New York Times Lies About Trump Banning 'Racial Sensitivity' Training

September 8th, 2020 7:15 AM

The Labor Day edition of the New York Times led its National section with a hostile full-page “news analysis” from chief White House correspondent Peter Baker on President Trump’s supposed appeals to white grievance in “Trump Makes White Grievance a Pillar of His Campaign – Seeking a Political Lift From Banning Training On Racial Sensitivity.” 

The headline writers stacked the deck, because Trump didn't ban mere "racial sensitivity” training, which sounds relatively benign compared to “Critical Race Theory,” which is what the controversy was actually about. “CRT” is a theoretical construct imported directly from the radical university settings into the corporate world – condemning all whites as racist, and American society is structurally racist, etc. – without regard whether it actually improves racial relations or makes them worse.

Baker has been nasty against Trump before, but this might be his strongest anti-Trump "news" article yet.

After a summer when hundreds of thousands of people took to the streets protesting racial injustice against Black Americans, President Trump has made it clear over the last few days that, in his view, the country’s real race problem is bias against white Americans.
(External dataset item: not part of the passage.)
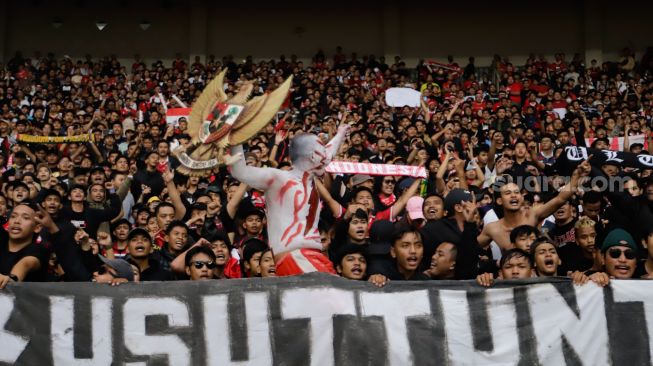 Suporter Indonesia membentangkan spanduk terkait Tragedi Kanjuruhan saat pertandingan sepak bola Grup A Piala AFF 2022 antara Indonesia dan Kamboja di Stadion Utama Gelora Bung Karno (SUGBK), Jakarta Pusat, Jumat (23/12/2022). [Suara.com/Alfian Winanto]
Just days after returning from Kenosha, Wis., where he staunchly backed law enforcement and did not mention the name of Jacob Blake, the Black man shot seven times in the back by the police, Mr. Trump issued an order on Friday to purge the federal government of racial sensitivity training that his White House called “divisive, anti-American propaganda.”

....

In effect, he is reaching out to a subset of white voters who think the news media and political elites see Trump supporters as inherently racist. Mr. Trump has repeatedly rejected the notion that America has a problem with systemic racial bias, dismissing instances of police brutality against Black Americans as the work of a few “bad apples,” in his words.

“Trump is the most extreme, and he has done something that is beyond the bounds of anything we have seen,” said Sherrilyn Ifill, the president of the NAACP Legal Defense and Educational Fund. “Playing with racism is a dangerous game. It’s not that you can do it a little bit or do it slyly or do it with a dog whistle. It’s all dangerous, and it’s all potentially violent.”

It took Baker forever to semi-elucidate what the misleading phrase “racial sensitivity” training actually entailed, citing second-hand from “conservative scholar” Christopher Rufo, who broke the scandal on the bizarre federal government training sessions.

On his website, Mr. Rufo identified six agencies that had conducted training sessions that he said asserted that America is inherently racist and promoted concepts like unconscious bias, white privilege and white fragility. At the Treasury Department, for instance, he said employees had been told that “virtually all white people contribute to racism” and that white staff members should “struggle to own their racism.”

Even later in the piece, Baker acknowledged Trump is attacking the politically correct but historically inaccurate "1619 Project" that the Times is pushing on schools: 

Mr. Trump wrote or reposted roughly 20 Twitter messages about the memo on Saturday and on Sunday said the Education Department would investigate schools that use curriculum from the 1619 Project by The New York Times Magazine, an effort to look at American history through the frame of slavery’s consequences and the contributions of Black Americans.

Baker couldn't stop with the racial accusations.

Critics said the president’s move was a transparent play for white votes with less than two months until the Nov. 3 election.

That particular “critic” is author Ibram X. Kendi, author of a quack tome popular in progressive circles, How to Be an Anti-Racist. According to Kendi’s book (which even condemns Barack Obama) there has never been a disparate outcome that is not the result of racism.